BEGIN

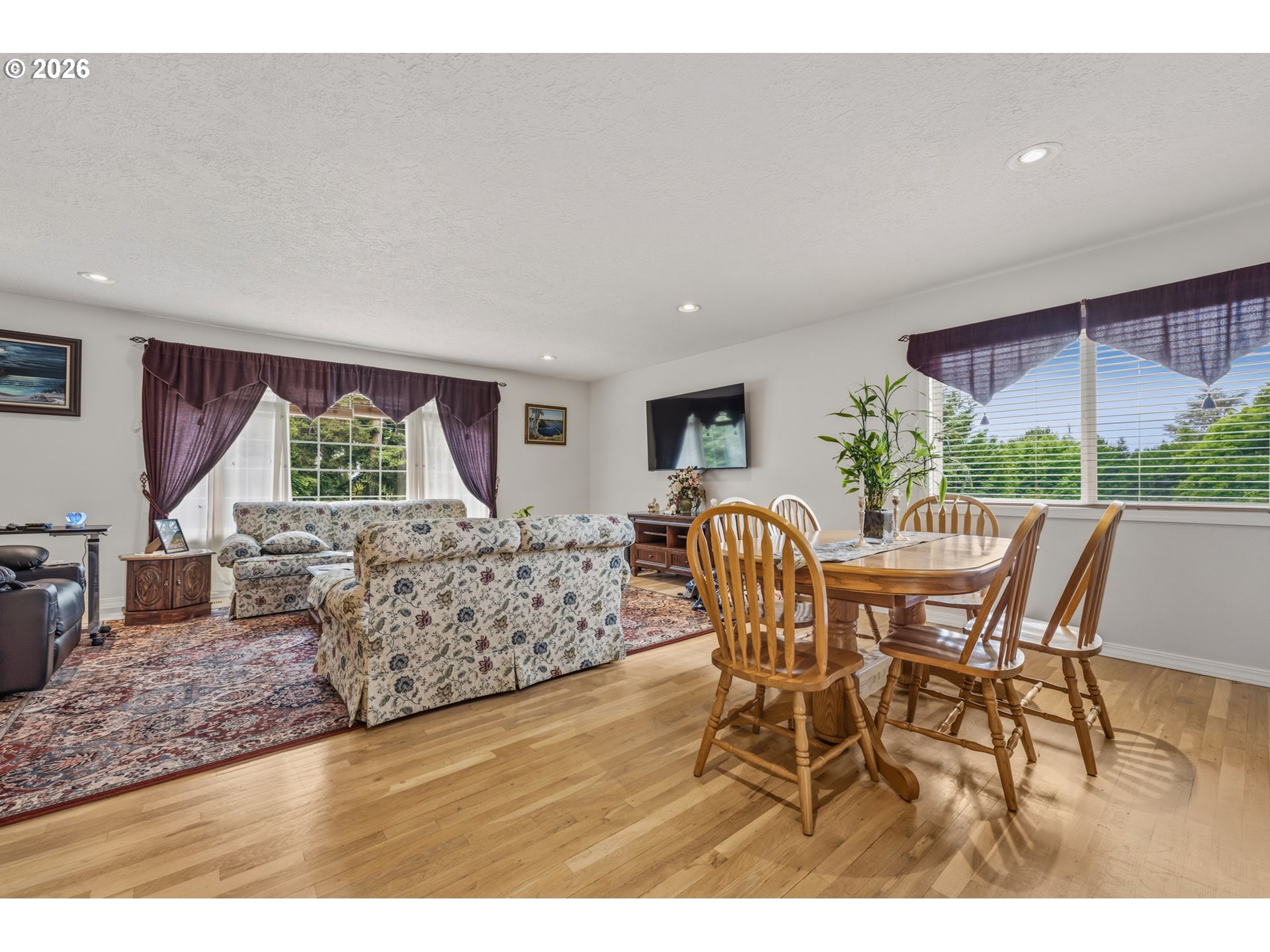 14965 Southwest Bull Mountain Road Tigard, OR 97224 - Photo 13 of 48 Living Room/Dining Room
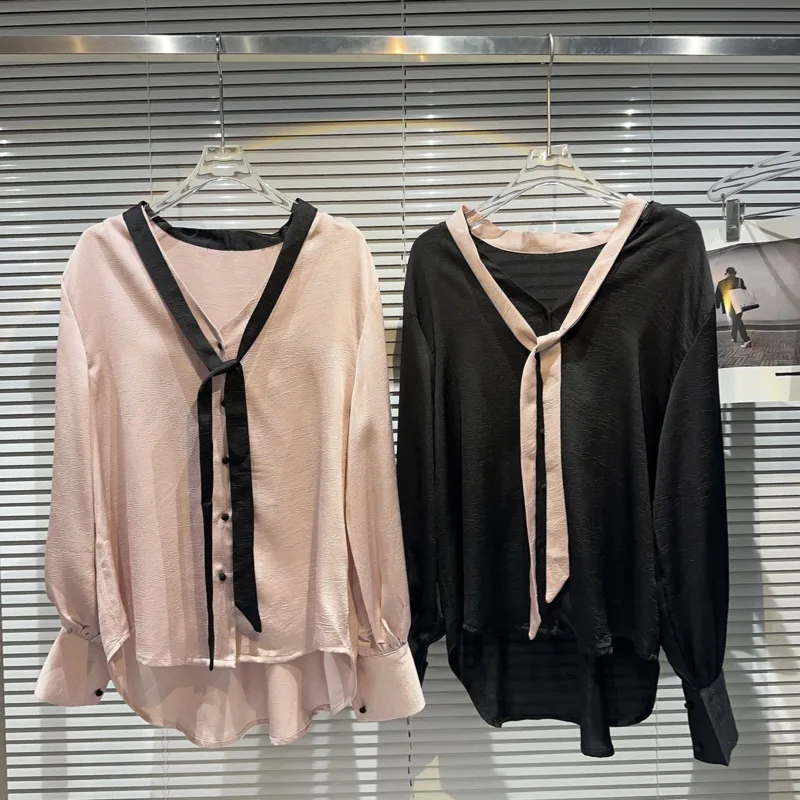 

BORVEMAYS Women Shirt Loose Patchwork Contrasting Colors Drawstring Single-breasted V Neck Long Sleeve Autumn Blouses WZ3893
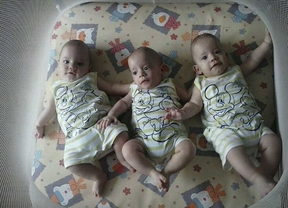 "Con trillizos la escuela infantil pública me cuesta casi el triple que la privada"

END

_Goal of the exercise_:
Print the material above once more, exactly, minus the pictures.

_Result_:
 14965 Southwest Bull Mountain Road Tigard, OR 97224 - Photo 13 of 48 Living Room/Dining Room

BORVEMAYS Women Shirt Loose Patchwork Contrasting Colors Drawstring Single-breasted V Neck Long Sleeve Autumn Blouses WZ3893
 "Con trillizos la escuela infantil pública me cuesta casi el triple que la privada"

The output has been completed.